== Task instructions ==
Please repeat, exactly as they stand, the line containing "Հայաստանյան պայքար. որ" and the lines after it through the final line of the listing below, minus pictures.

== Extracted information ==
================

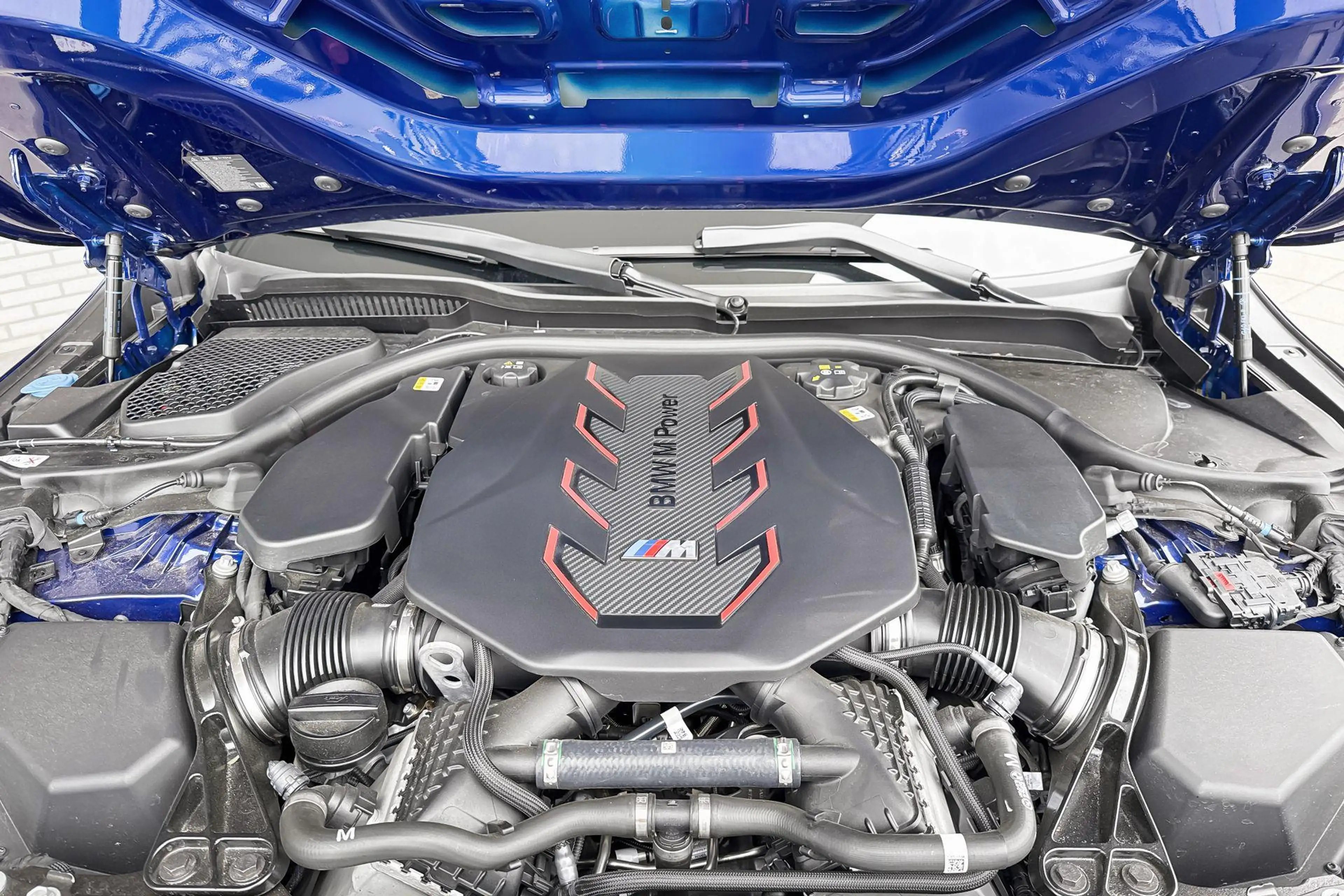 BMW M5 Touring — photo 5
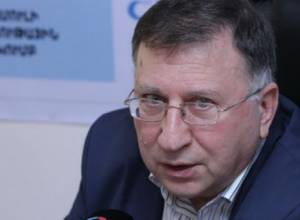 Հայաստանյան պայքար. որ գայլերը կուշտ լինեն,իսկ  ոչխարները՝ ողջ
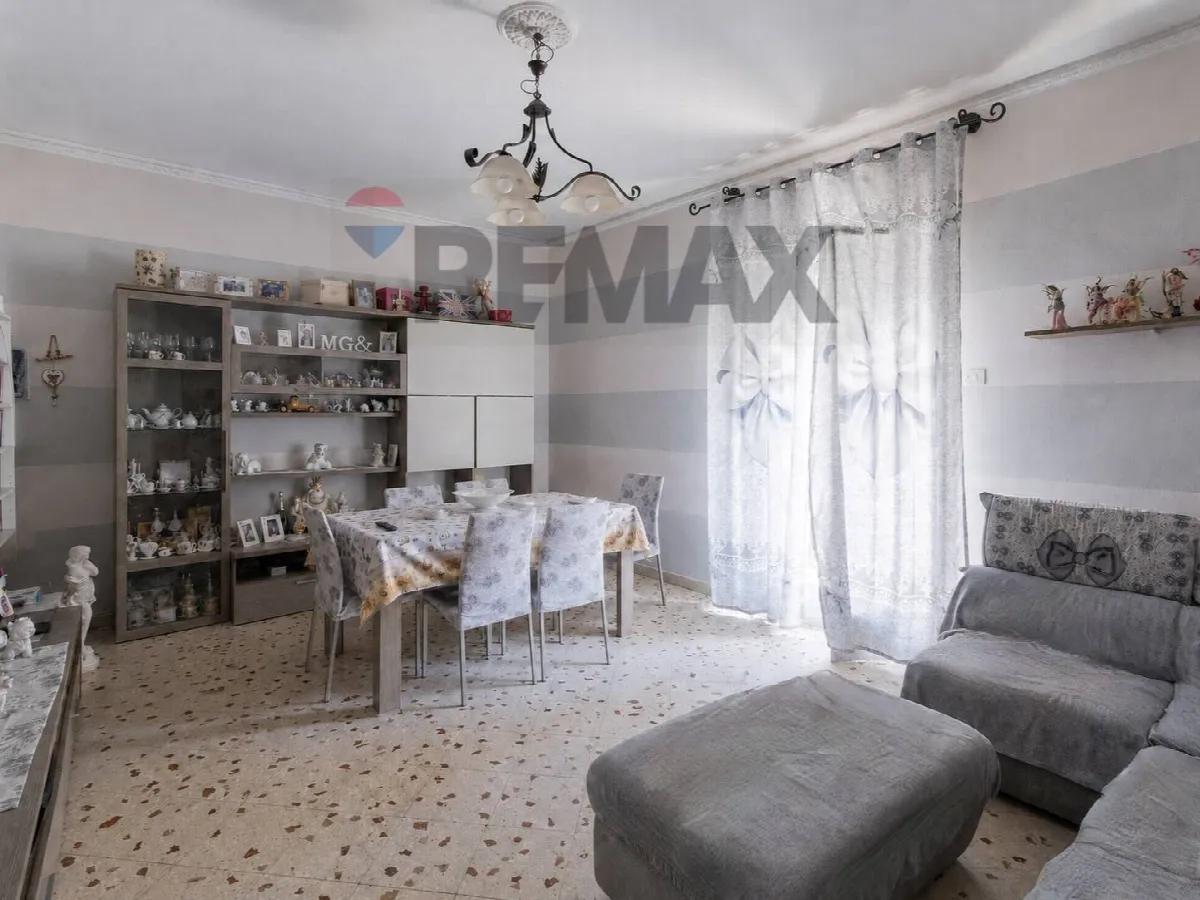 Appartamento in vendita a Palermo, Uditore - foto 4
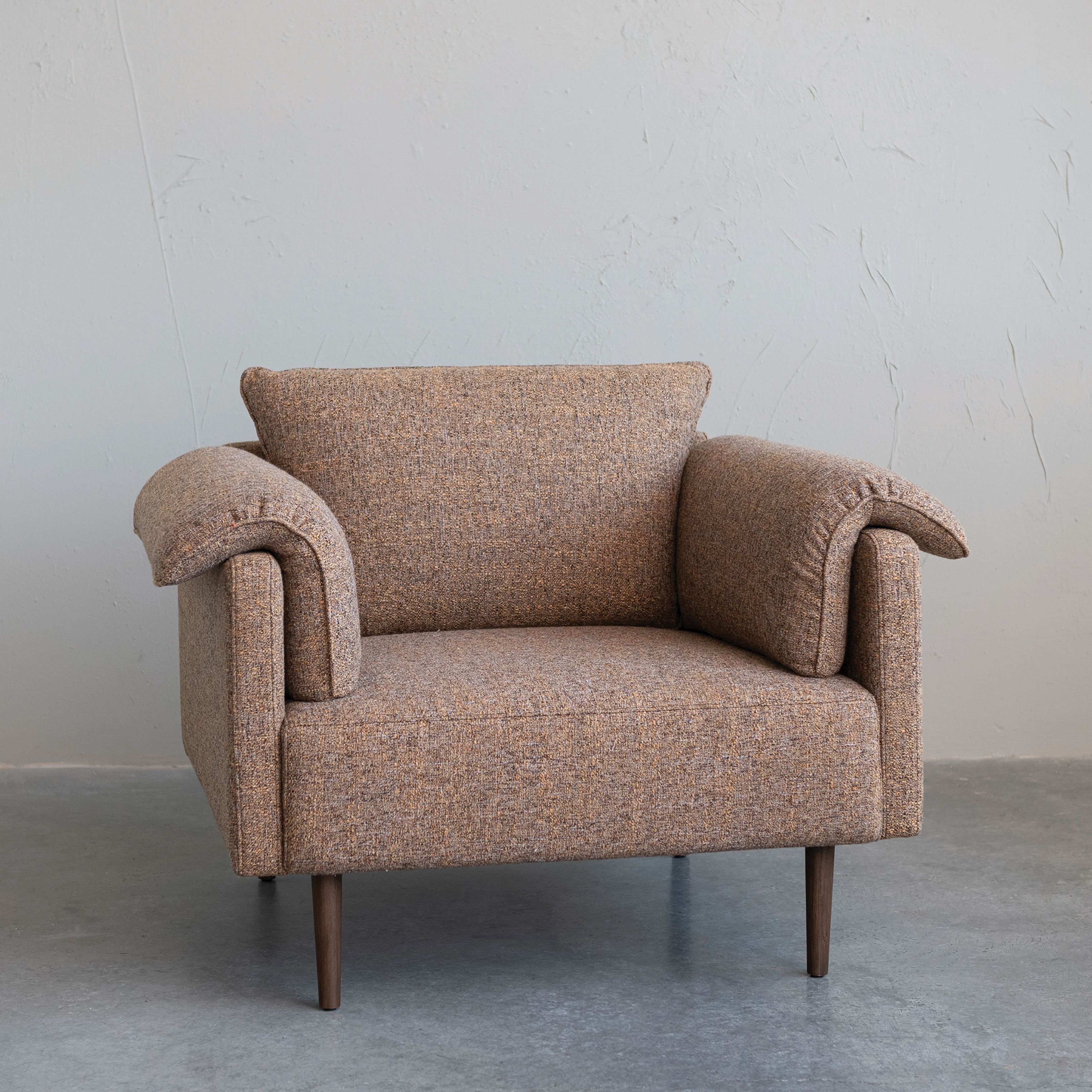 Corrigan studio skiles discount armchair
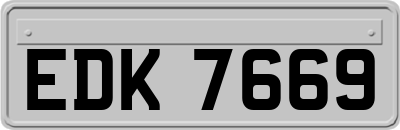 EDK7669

================

== Response to this exercise ==
 Հայաստանյան պայքար. որ գայլերը կուշտ լինեն,իսկ  ոչխարները՝ ողջ
 Appartamento in vendita a Palermo, Uditore - foto 4
 Corrigan studio skiles discount armchair
 EDK7669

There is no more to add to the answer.